Negotiation is one of the few functions in the modern corporation that has resisted the trend towards standardizing processes and streamlining work. While companies have reengineered customer service, manufacturing, and even research and development, negotiation remains to be an individual domain. Each negotiation is viewed as a separate event, and the outcome is thought to depend on the negotiator’s personal judgement, timing and experience. The notion that every negotiation is unique is, of course, in the interest of negotiators. This notion isolates them from inference and criticism (Ertel, 1999).
In order turn negotiation into a corporate skill, companies provide more and better information to their negotiators, draw lessons from past negotiations and set up categorization and prioritization schemes to guide negotiators in selecting their strategies.
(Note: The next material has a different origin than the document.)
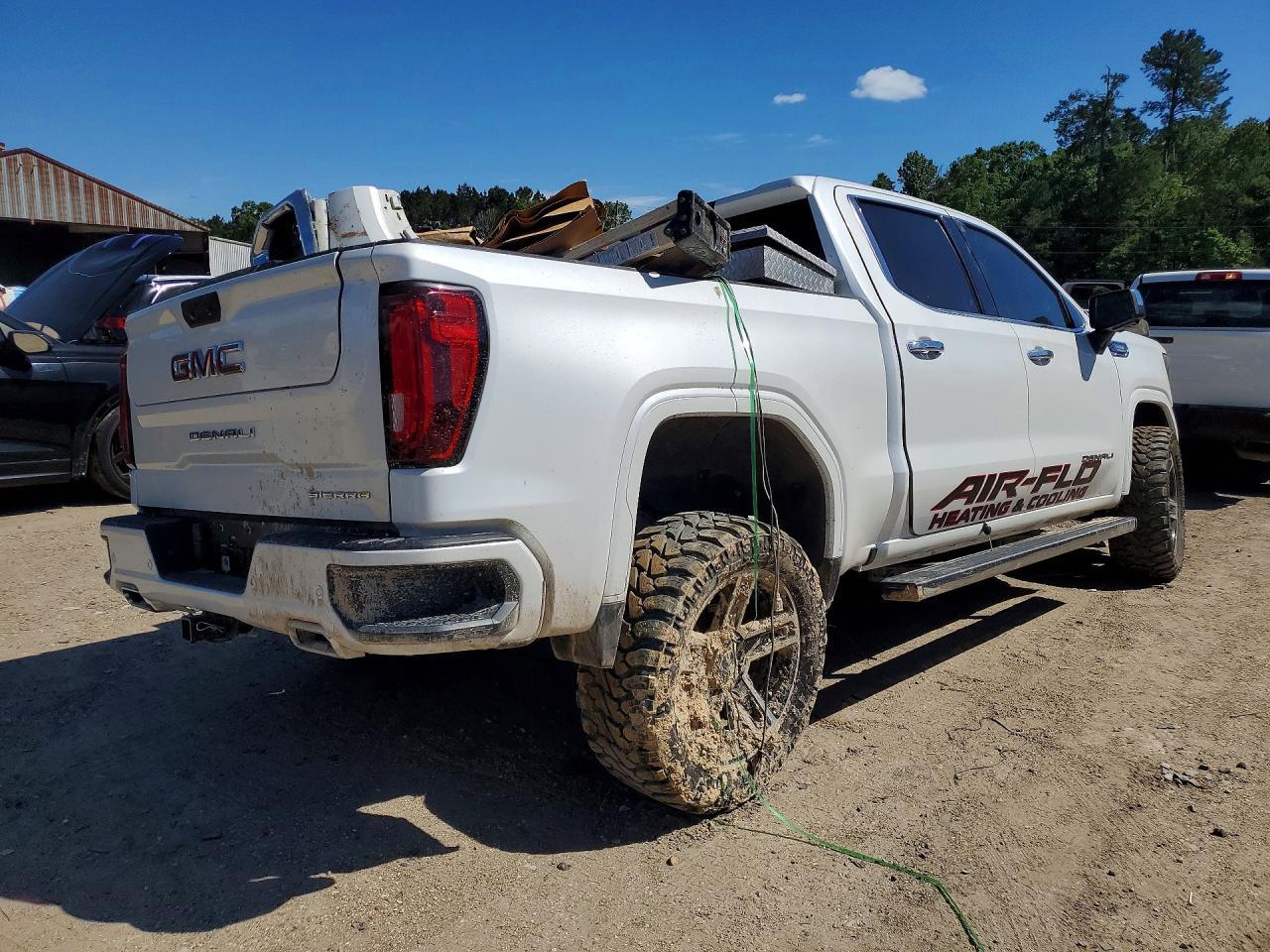 2020 GMC Sierra K1500 Denali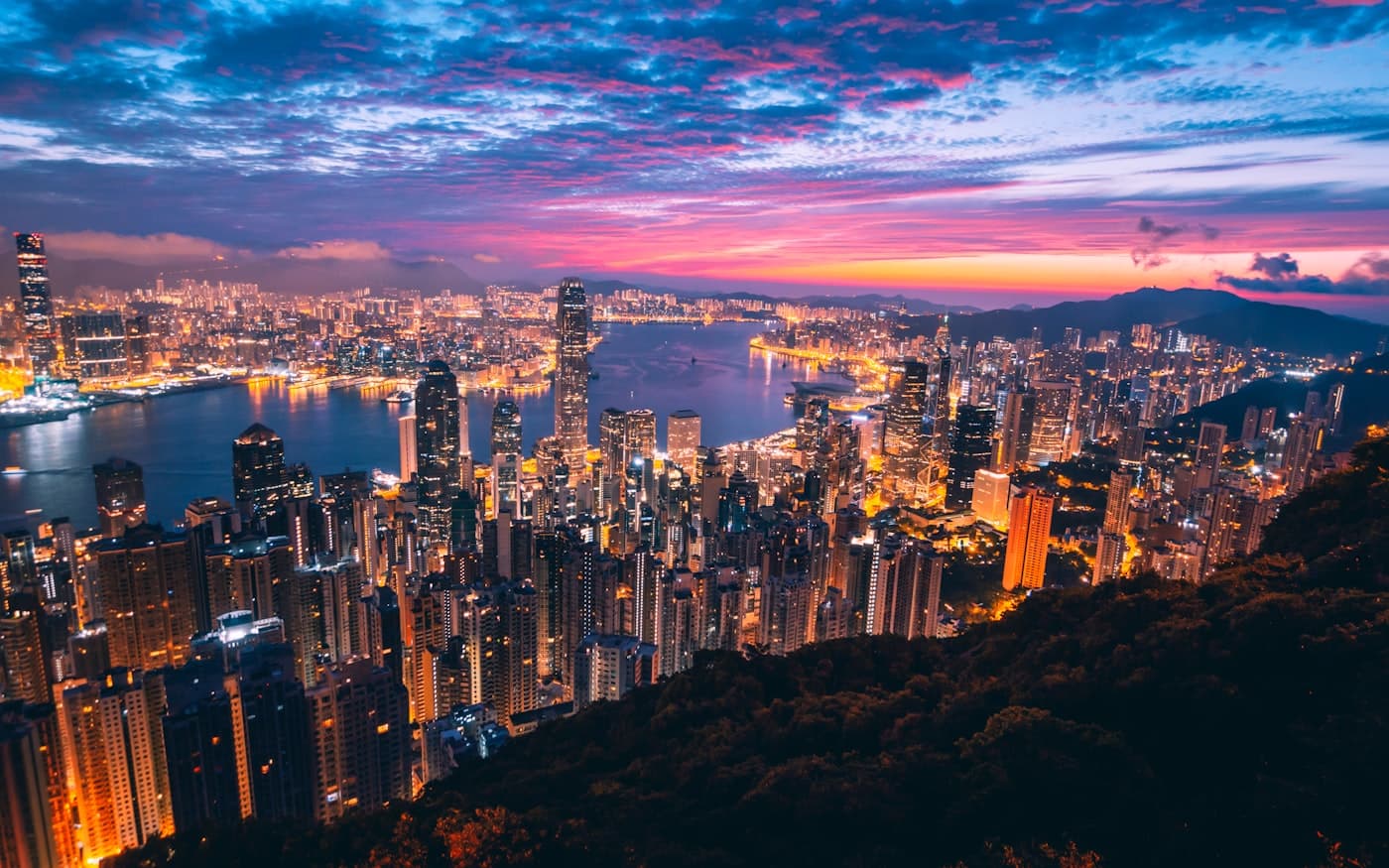 China + Hong Kong + Macao eSIM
By following this procedure, the companies do not just improve the outcomes of individual negotiations, they break down the common assumption that every negotiation is unique and cannot be controlled. According to Ertel this change in attitude forms the basis for more collaboration, creativity and efficiency throughout a company’s negotiation activities (1999).
Broadening the measures of success
The way a company measures the success of a negotiation guides the way a negotiator approaches and conducts the negotiation. Although many companies have begun to realize the importance of creating partnerships with customers and key suppliers, negotiation outcomes are often not judged in terms of how the outcomes impact relationships. The short term goal of gaining the best price or achieving the lowest cost in most cases still prevails over the long-term goal of building more rewarding customer relationships.
Buyers keep focusing on cost issues, or so sellers think, causing them to give in on the buyers’ discount demands instead of focusing on value they can provide customers with. This behavior leads buyers to ignore opportunities to be innovative in working with suppliers to create new value by, for example, reducing inventories or developing higher- quality components or custom-made solutions. Ertel points out correctly, that this behavior can constrain a company’s attempts to make strategic changes that require new,more collaborative relationships with suppliers, such as moving to a build-to-order manufacturing system (1999).